--- Description of the task ---
Leaving the pictures aside, return all of the data below exactly.

--- Given information ---

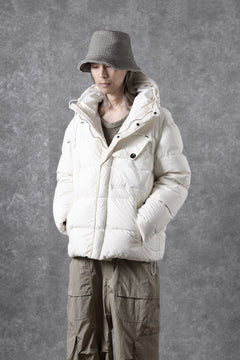 画像をギャラリービューアに読み込む, Ten c SURVIVAL DOWN JACKET / GARMENT DYED (WHITE)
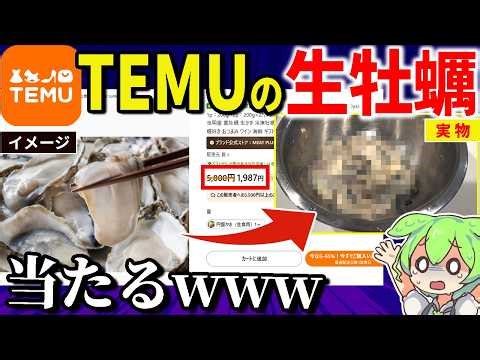 Temuで売ってた怪しすぎる「生牡蠣」食べたら当たるのか？【ずんだもん＆ゆっくり解説】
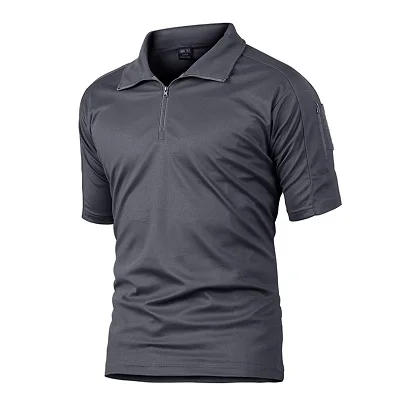 Wholesale Men's Outdoor Short Sleeve Polo Shirts Hiking Breathable Mesh Golf T-Shirts Military Tactical Tops
Wholesale Men's Outdoor Short Sleeve Polo Shirts Hiking Breathable Mesh Golf T-Shirts Military Tactical Tops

--- Reply ---
 画像をギャラリービューアに読み込む, Ten c SURVIVAL DOWN JACKET / GARMENT DYED (WHITE)
 Temuで売ってた怪しすぎる「生牡蠣」食べたら当たるのか？【ずんだもん＆ゆっくり解説】
 Wholesale Men's Outdoor Short Sleeve Polo Shirts Hiking Breathable Mesh Golf T-Shirts Military Tactical Tops
Wholesale Men's Outdoor Short Sleeve Polo Shirts Hiking Breathable Mesh Golf T-Shirts Military Tactical Tops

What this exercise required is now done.